Predictions are that VPL 5.0, which many believe will be sometime later this year would see another increase in the first prize purse. Indeed, much is there for what has emerged as St Vincent and the Grenadines’ signature sporting event.
Credit must go to the organisers who have kept adding innovations to each edition, making the product fresh every time.
But, beyond the hype, the excitement, the results, and the prize money, what else can be extracted from the exercise?
Are we satisfied with players getting a stipend for their efforts, as well as umpires, scorers, commentators, the streaming company which broadcasts the matches live, and the host of other financial spin offs which the VPL is able to generate?
Similarly, are we contented with the country’s name getting the publicity overseas as we view this as a major plus for us?
But, conversely, are the many promotions of our local sites realised in direct or indirect tourism benefits to St Vincent and the Grenadines?
Therefore, since such information has not been captured or cannot be answered in the affirmative, we have to look to eek out every possible benefit from the staging of the VPL editions .
Powered by Dream 11, the Indian-based betting company, the VPL has obviously carved out a niche for that company.
Undoubtedly, the VPL has produced the goods, provided good, entertaining cricket, and most importantly, allowed the main sponsors to be satisfied, to have them coming back for more.
Hence, St Vincent and the Grenadines has a trump card in its hand and now is the time to bring it to the table.
Is it possible for the organisers, through the St Vincent and the Grenadines Cricket Association to go outside the norms of sponsorship and procure some sort of infrastructural development?`
Likewise, the players who are the showpieces of the VPL, are they being adequately compensated?
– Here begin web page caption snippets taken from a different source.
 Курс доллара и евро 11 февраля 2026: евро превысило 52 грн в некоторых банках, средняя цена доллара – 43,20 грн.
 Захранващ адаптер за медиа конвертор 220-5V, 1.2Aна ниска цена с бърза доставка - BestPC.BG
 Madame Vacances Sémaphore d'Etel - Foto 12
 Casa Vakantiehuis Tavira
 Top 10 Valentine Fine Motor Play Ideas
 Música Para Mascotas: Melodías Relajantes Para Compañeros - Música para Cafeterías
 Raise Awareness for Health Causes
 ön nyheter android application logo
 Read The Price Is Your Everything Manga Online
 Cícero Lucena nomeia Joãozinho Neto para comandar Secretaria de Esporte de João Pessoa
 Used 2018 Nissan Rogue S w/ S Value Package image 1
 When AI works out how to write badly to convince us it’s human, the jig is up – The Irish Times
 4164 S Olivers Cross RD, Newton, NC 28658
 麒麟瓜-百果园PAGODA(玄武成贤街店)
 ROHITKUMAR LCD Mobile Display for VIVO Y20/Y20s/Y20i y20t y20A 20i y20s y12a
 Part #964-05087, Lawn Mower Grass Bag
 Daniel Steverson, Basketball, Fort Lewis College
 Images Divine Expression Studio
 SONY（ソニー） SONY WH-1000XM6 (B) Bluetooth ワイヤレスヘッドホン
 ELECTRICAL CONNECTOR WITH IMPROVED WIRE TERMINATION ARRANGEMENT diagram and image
This is against the reality that our VPL has not been bankrolled like the major franchise cricket tournaments around the globe, but the players can do well with a top up on the pittance they receive.
The call for more benefits to be derived from the VPL, is not accepting or conforming that we must stay with the notion that half a loaf is better than none at all. Neither can one say that this column’s demands for more tangible derivatives from the VPL are unreasonable.
Without the revelations of the amount of sponsorship for the VPL, it is still safe to conclude from the injection of other facets of the tournament, namely larger prize monies, increased number of overseas players and the likes, more can be done.
The same way that the VPL flavour is growing, likewise should we see players’ take home pay commensurate with the rise in appeal for the event.
Organisers, in keeping with your tagline, let the players especially “ Build a Vibe” financially.